[Records provided — start]

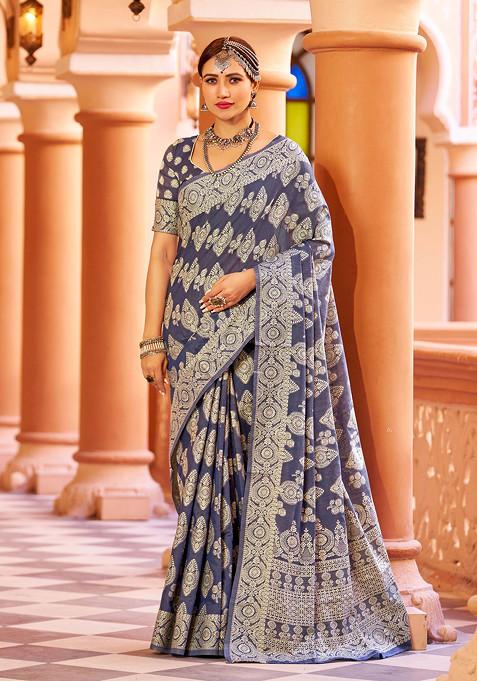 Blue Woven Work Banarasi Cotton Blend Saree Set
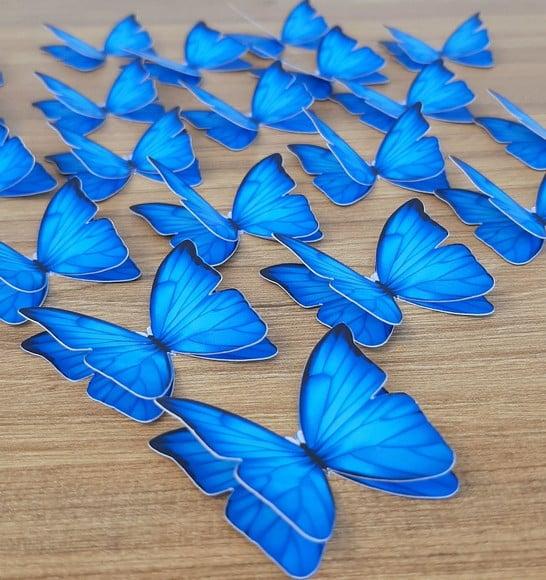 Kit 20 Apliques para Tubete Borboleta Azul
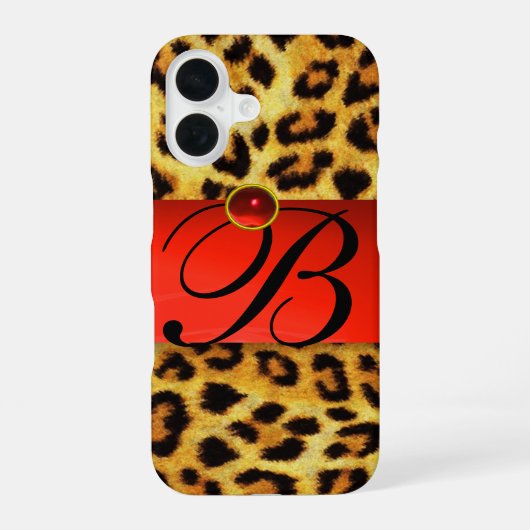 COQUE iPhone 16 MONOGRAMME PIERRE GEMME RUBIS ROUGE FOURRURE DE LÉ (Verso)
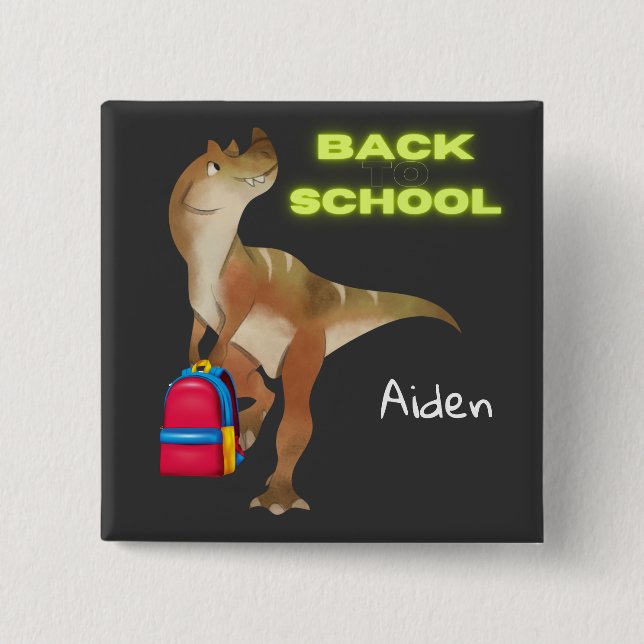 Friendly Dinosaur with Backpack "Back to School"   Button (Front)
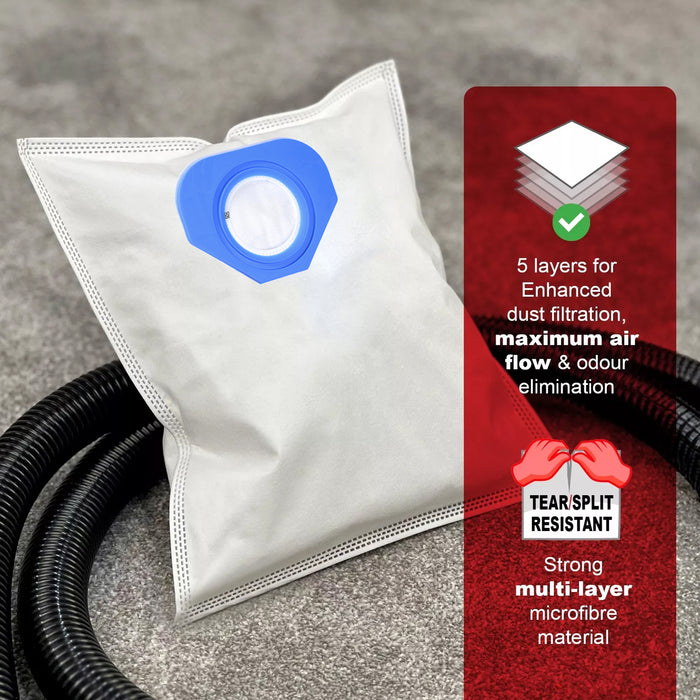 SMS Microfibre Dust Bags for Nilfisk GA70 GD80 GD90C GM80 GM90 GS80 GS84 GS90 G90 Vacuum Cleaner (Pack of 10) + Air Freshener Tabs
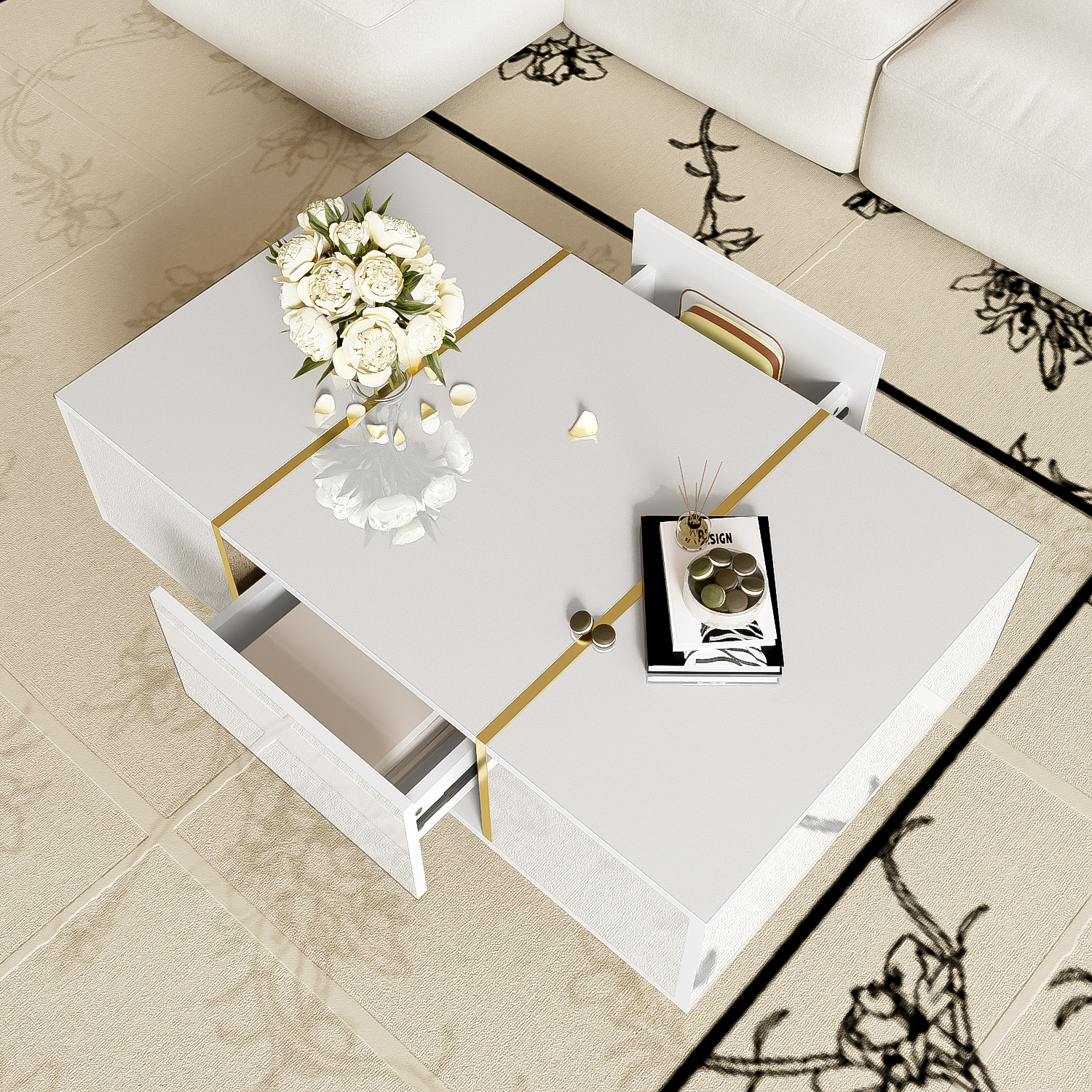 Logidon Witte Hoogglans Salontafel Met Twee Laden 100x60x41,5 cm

[Records provided — finish]

→ **About this exercise**: Restate each entry word for word. Omit every picture.

→ **Written response**:
 Blue Woven Work Banarasi Cotton Blend Saree Set
 Kit 20 Apliques para Tubete Borboleta Azul
 COQUE iPhone 16 MONOGRAMME PIERRE GEMME RUBIS ROUGE FOURRURE DE LÉ (Verso)
 Friendly Dinosaur with Backpack "Back to School"   Button (Front)
 SMS Microfibre Dust Bags for Nilfisk GA70 GD80 GD90C GM80 GM90 GS80 GS84 GS90 G90 Vacuum Cleaner (Pack of 10) + Air Freshener Tabs
 Logidon Witte Hoogglans Salontafel Met Twee Laden 100x60x41,5 cm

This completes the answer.